John Adams (http://www.historyplace.com/ specials/calendar/docs-pix/john-adams.jpg)

John Adams (1797-1801)

March 31, 1776 - Abigail Adams writes to her husband, John Adams, urging him and the other members of the Continental Congress not to forget about the nation’s women when fighting for America’s independence from Great Britain.

March 4, 1797 - John Adams inaugurated as 2nd president of U.S.

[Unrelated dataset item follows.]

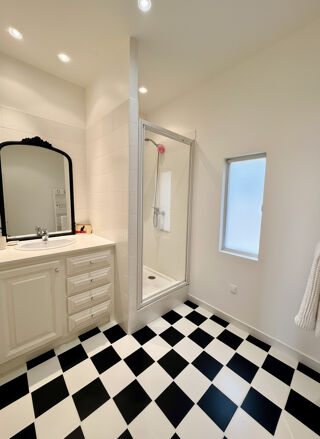  Appartement � vendre 4 pi�ces 165 m�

July 7, 1797 - For the first time in U.S. history, the House of Representatives exercises its constitutional power of impeachment and votes to charge Senator William Blount of Tennessee with "a high misdemeanor, entirely inconsistent with his public duty and trust as a Senator." July 8, 1797 - Senate voted by a two-thirds majority to expel him from its ranks. 1790 - President George Washington appointed Blount, who had fought in the American Revolution, as governor of the "Territory South of the River Ohio," now known as Tennessee. Although he was a successful territorial governor, personal financial problems led him to enter into a conspiracy with British officers to enlist frontiersmen and Cherokee Indians to assist the British in conquering parts of Spanish Florida and Louisiana. Before the conspiracy was uncovered, Blount presided over the Tennessee Constitutional Convention and in 1796 became the state's first U.S. senator. December 17, 1798 - Senate exercised its "sole power to try all impeachments," as granted by the Constitution, and initiated a Senate trial against Blount. As vice president of the United States, Thomas Jefferson was president of the Senate and thus presided over the impeachment trial proceedings. After two months, Jefferson and the Senate decided to dismiss the charges against Blount, determining that the Senate had no jurisdiction over its own members beyond its constitutional right to expel members by a two-thirds majority vote. By the time of the dismissal, Blount had already been elected as a senator to the Tennessee state legislature, where he was appointed speaker. The constitutional conundrum of conducting a trial of an impeached senator has not yet been resolved.

October 21, 1797 - USS Constitution, a 44-gun U.S. Navy frigate built to fight Barbary pirates off the coast of Tripoli, is launched in Boston Harbor. The vessel performed commendably during the Barbary conflicts, and in 1805 a peace treaty with Tripoli was signed on the Constitution's deck.

April 30, 1798 - The US Department of the Navy was established.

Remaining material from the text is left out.